Como si se tratara de una obsesión del tabasqueño, las referencias a la historia son permanentes.

El presidente Andrés Manuel López Obrador compara a su gabinete con el de Benito Juárez. En julio pasado ganaron los liberales y perdieron los conservadores, a su parecer. Murió el mal Gobierno.

En su diagnóstico, los conservadores cultivaron privilegios y acrecentaron la desigualdad de la población, recetando e imponiendo una larga y oscura noche de neoliberalismo económico. Llegó el tiempo de prender la luz.

Él mismo ha puesto los parámetros de comparación: Hidalgo, Morelos, Juárez, Madero, Cárdenas. Y cuando hay tantas expectativas, el margen de error se reduce.

Por eso un ciclista le hace ver el mismo día de su toma de protesta que “no tiene derecho a fallarnos”. Más tarde, López Obrador apela a la tribuna: “No me dejen solo; sin el pueblo, no valgo nada”. La petición de un gobernante que habrá de entender que sus seguidores tienen tanta prisa como sus detractores.

Quiere hacer historia por lo que emula a Lázaro Cárdenas, quien como Presidente decidió no vivir en el Castillo de Chapultepec, y desde el primer minuto convierte Los Pinos en museo. Se trata de desmontar el pasado.

Pretende combatir la corrupción desde arriba, barriendo -como insiste hasta el cansancio- se limpian las escaleras. No obstante, su autodenominada y promovida “cuarta transformación” deberá ser no sólo cualitativa, a través de “predicar con el ejemplo” y sobre todo cuantitativa. El nuevo Presidente será sometido al escrutinio a partir del desempeño de indicadores básicos: crecimiento económico, índices delictivos, percepción de corrupción, marginación y desarrollo humano.

Experiencias internacionales de acciones para cambiar “desde arriba” sobran. Entre 1958 y 1961, Mao Zedong prometió un Gran Salto Adelante en China para llevar a su población a un miserable fracaso.

Décadas antes, en Estados Unidos, Franklin D. Roosevelt demostró que tras la Gran Depresión y mediante un New Deal se podía redistribuir la riqueza.

Dentro de su cuarta transformación, AMLO ha avanzado con determinación. Canceló el nuevo aeropuerto para enviar una señal: “El Gobierno soy yo”.

Incluyó en sus invitaciones al repudiado Presidente de Venezuela, Nicolás Maduro, para dejar claro que su diplomacia será de no intervención. No titubea para actuar.

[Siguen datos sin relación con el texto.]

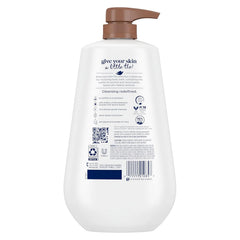 Dove 24hr Lotion Body Wash Restore Coconut & Cocoa Butter, 30.6 oz | Moisturizing body wash with MicroMoisture for 24-hour hydration and soft skin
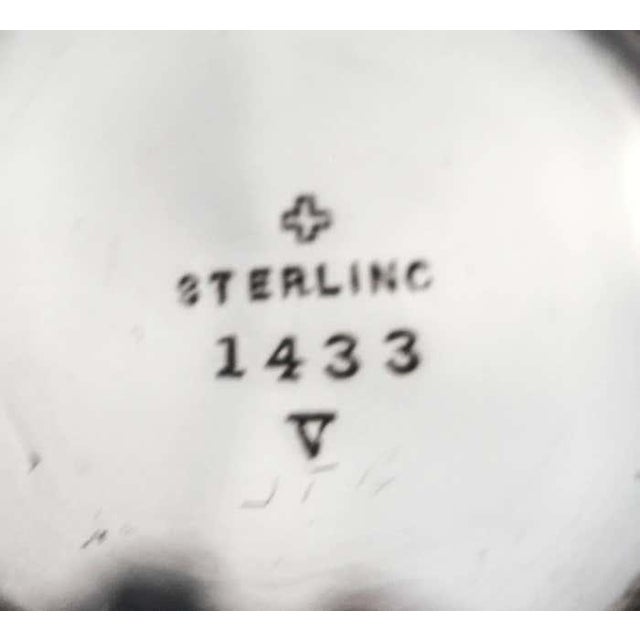 Metal Sterling Silver Art Nouveau Salt Shakers - A Pair For Sale - Image 7 of 8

Su refinería va, su Tren Maya va mediante consultas de democracia participativa que, de no tener certeza en reglas, corren el riesgo de convertirse en frágiles instrumentos de legitimación de decisiones.

¿El mejor de la historia? La interrogante no la podrá responder él, sino nosotros, los ciudadanos. Serán sus frenéticos seguidores los primeros en juzgarlo. El peligro es convertir a un ejército de esperanzados en uno de indignados. No tiene derecho a fallarles.

Hoy está presente la esperanza, y como decía Thomas Jefferson: “A mí me gustan más los sueños del futuro que la historia del pasado”.